Cette lettre était dure ; il était aisé au prince de répondre qu’il changerait de conduite ; mais il se contenta de répondre en quatre lignes à son père qu’il voulait se faire moine.

Cette résolution ne paraissait pas naturelle, et il paraît étrange que le czar voulût voyager en laissant dans ses États un fils si mécontent et si obstiné ; mais aussi ce voyage même prouve que le czar ne voyait pas de conspiration à craindre de la part de son fils.

Il alla le voir avant de partir pour l’Allemagne et pour la France ; le prince, malade, ou feignant de l’être, le reçut au lit, et lui confirma, par les plus grands serments, qu’il voulait se retirer dans un cloître. Le czar lui donna six mois pour se consulter, et partit avec son épouse.

À peine fut-il à Copenhague qu’il apprit (ce qu’il pouvait présumer) qu’Alexis ne voyait que des mécontents qui flattaient ses chagrins. Il lui écrivit qu’il eût à choisir du couvent ou du trône, et que s’il voulait un jour lui succéder, il fallait qu’il vînt le trouver à Copenhague.
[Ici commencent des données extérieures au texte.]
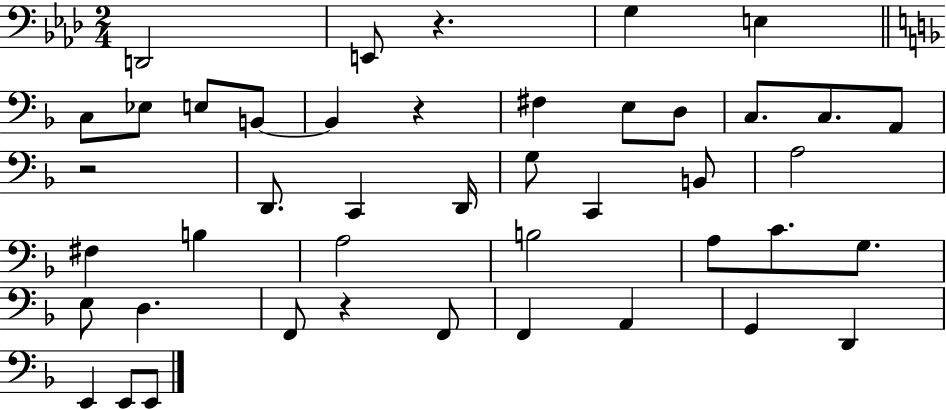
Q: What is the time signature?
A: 2/4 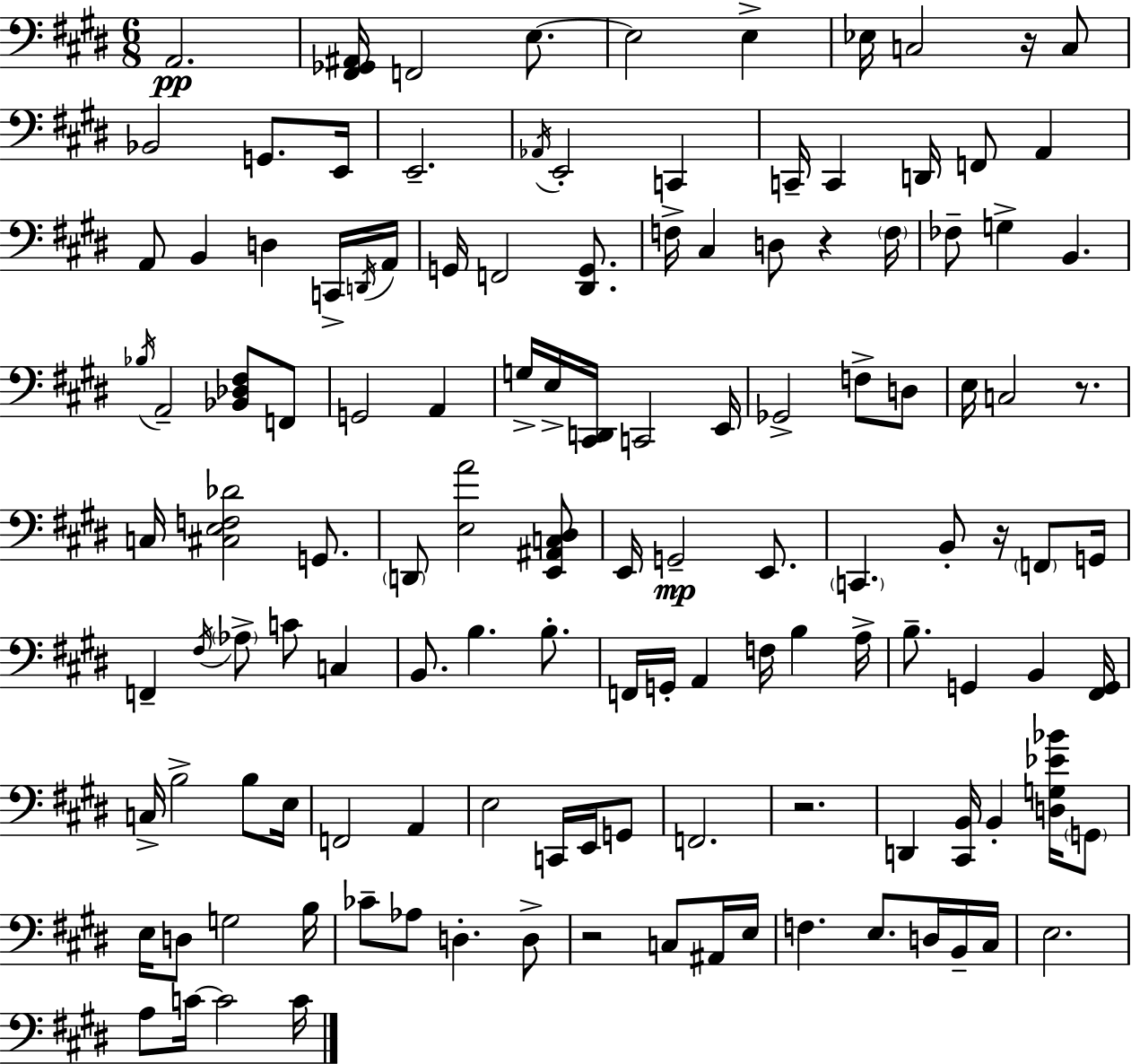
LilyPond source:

Les confidents du prince lui persuadèrent qu’il serait dangereux pour lui de se trouver loin de tout conseil entre un père irrité et une marâtre. Il feignit donc d’aller trouver son père à Copenhague ; mais il prit le chemin de Vienne, et alla se mettre entre les mains de l’empereur Charles VI, son beau-frère, comptant y demeurer jusqu’à la mort du czar.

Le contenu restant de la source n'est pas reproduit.